There are several open technologies available, or in development, for adding timed text (subtitles), but not more complex page changes and interaction. Annodex and parts of the Axmedis project go further in developing ways to integrate timed markup for annotation and indexing with streaming media. Annodex uses the CMML markup language, which can be either incorporated with, or referenced from, a stream.
The SMIL presentation markup language provides rich features for timed interactive media, and has been in use for more than 10 years, but it still has some limitations:
- SMIL can be played in several media players, but browser support is patchy and the future of SMIL browser support is unclear
- SMIL uses a presentation paradigm, and each presentation needs to be complete in itself, whereas our 'engine' needs to be event-driven, able to cope with individual live page changes, with viewers either joining a presentation part way through 'broadcast' or viewing the entire presentation after it has been published
- existing SMIL implementations are oriented to elapsed (clock) time and user input events, rather than synchronising events with a 'time parent' such as the current time of a video2.
- build a list of page-change event objects, parsed from incoming JSON
- activate or deactivate each event, given its start and end time, relative to the current time of the event's time parent, which in our demonstrations is a video).
The HTML 5 audio and video elements remove the need for player plugins, work like any other HTML element in terms of styling and positioning, and standardise the programming interface for playback control. Less well known is that these elements emit a timeupdate event (at a frequency adjusted to fit available processing and memory) which removes the need to poll a player for the current time position. This makes media scripting far more efficient, since there is no need to run a loop or use setTimeout. In tests run on several machines we found that timeupdate events are emitted regularly and frequently (particularly in Firefox), whereas polling a media player for current video time is unreliable.

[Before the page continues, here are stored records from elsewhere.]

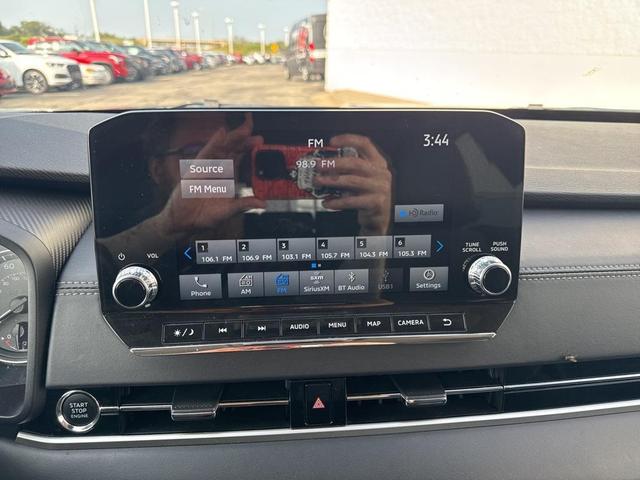 Photo of 2024 Alloy Silver Metallic Mitsubishi Outlander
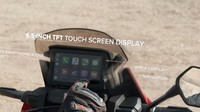 Pada panel instrumen tersebut terdapat indikator cornering ABS, Honda Selectable Torque Control, 2 Customisable User Modes, 4 Default Riding Modes, Wheelie Control, dan Optional Factory Fitted Dual Clutch Transmission. Foto: Dok. Honda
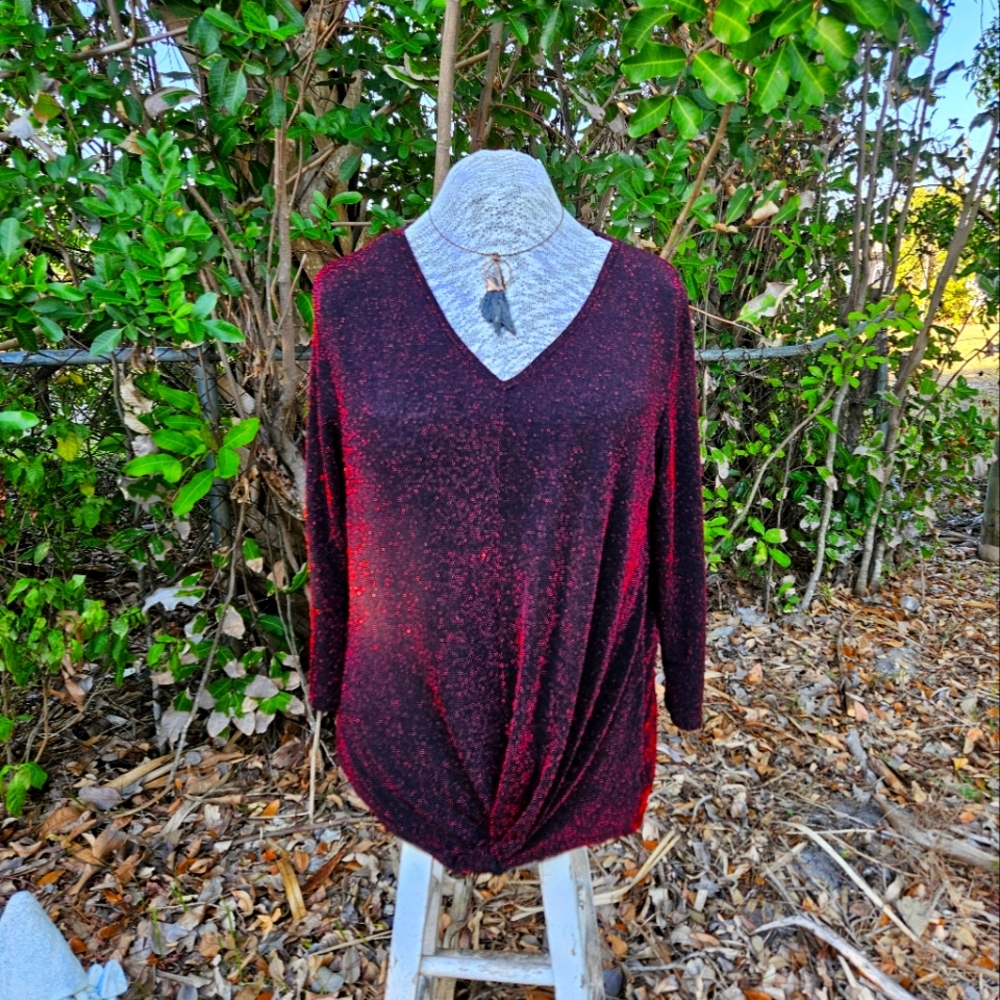 Black and Red Sparkly High-low Slinky Flouncy Witchy Vamp Glitter Blouse 1X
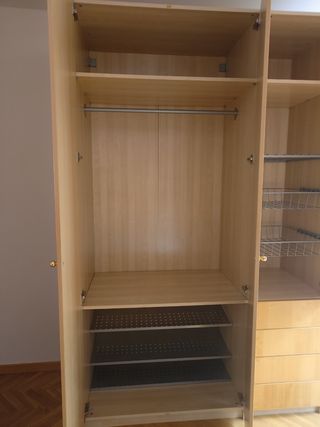 Armario de madera 3 puertas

The HTML 5 addCueRange method will provide native support for callbacks (or events) at the start and end of a 'cue range'. However the specification is still under discussion and does not appear close to implementation.
HTML 5 video in the field
HTML 5 media elements are now supported by current versions of Firefox, Safari and Chrome.
However, the implementation of the video element has been dominated by the need to standardise codec support, in the same way that browsers currently support the JPEG, PNG and GIF image formats.
Google demonstrated their commitment to both the MP4 (H.264/AAC) and Ogg (Theora/Vorbis) with the HTML 5 media element at the 2009 Google I/O conference. Firefox 3.5 and Safari both support the video element, though for different codecs. Dailymotion has created a demo site with several hundred thousand videos encoded using Ogg Theora.
The biggest and least predictable change may come from technologies such as Comet or HTML 5 Web Sockets. These enable data to be 'pushed' to browsers from servers rather than vice versa. Push makes sense, in that enables updates without polling, but it challenges the HTTP request/response model used on the web and raises a number of security and editorial questions. In terms of our application, events could be pushed to the client browser as they became available. For example, a web page showing a broadcast from a live event could include live updated information about the festival or the band and song currently playing.
We've done this work in conjunction with the P2P-Next project. We're using HTML5 in the project to sync video and display extra information about the content - it's early days for us on this and there are a number of serious challenges before this becomes anything near mainstream - if ever. We hope it's a useful demo and look forward to feedback.